Решили за этот год отремонтировать квартиру, перебить мягкую мебель и летом 1947 года занимались всем этим, готовясь встретить Бабеля. А летом 1948 года мне снова ответили кратко: «Жив, содержится в лагерях», и я решила, что начался еще больший произвол и что, наверно, срок еще увеличили. Повсюду тогда ходили слухи об увеличении сроков и всяком произволе в лагерях.

После 1948 года я заявлений в НКВД не подавала. Так наступил 1952 год, а Бабеля все не было. Однажды в августе 1952 года мама позвонила мне на работу и сказала, чтобы я немедленно пришла домой. Я схватила такси, надеясь застать Бабеля дома. Но оказалось, к нам приходил человек (совершенный зек, как его описывал впоследствии Солженицын) и рассказал, что вышел из лагеря, расположенного на Колыме, что арестован он был во время войны за сотрудничество с немцами, осужден на 8 лет, отбыл этот срок. Рассказал, что сам он из Бреста и фамилия его Завадский. После какого-то очередного перемещения из одного лагеря в другой он, по его словам, оказался вместе с Бабелем.

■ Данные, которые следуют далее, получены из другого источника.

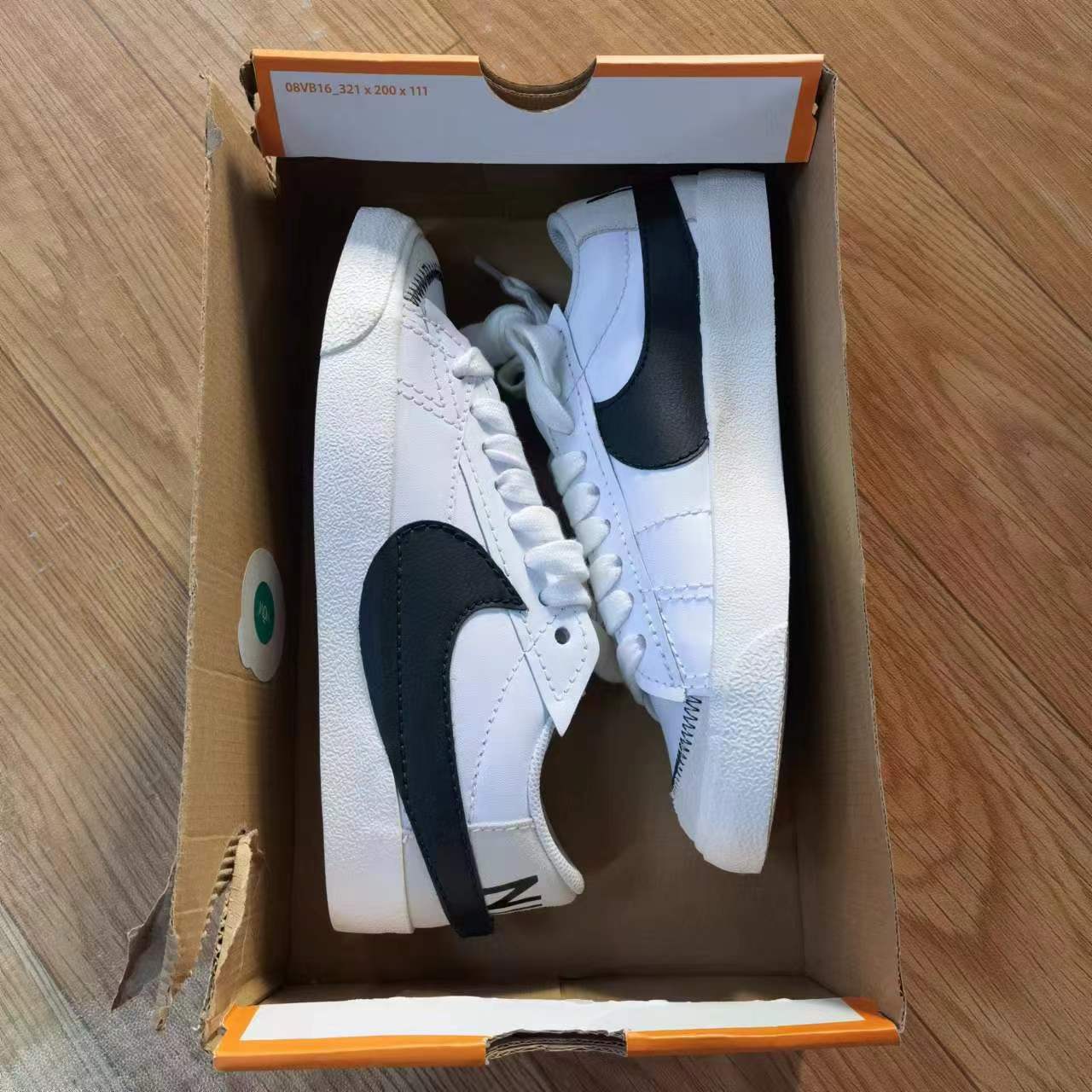 断码  Nike  休闲鞋  DN2158-101   40.5码  鞋盒无盖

Письмо от Бабеля он не привез, так как Бабель, когда он уходил из лагеря, был, якобы, в больнице. Завадский в сапоге привез письмо одной женщине от мужа, которой тот пишет и о Бабеле. Он назвал маме имя этой женщины — Мария Абрамовна — и написал ее телефон. Подождать меня Завадский не мог, спешил на вокзал. Вид его, как рассказала мне мама, был изможденный, цвет лица серый, в сапогах и в плаще, каком-то устаревшем и старом.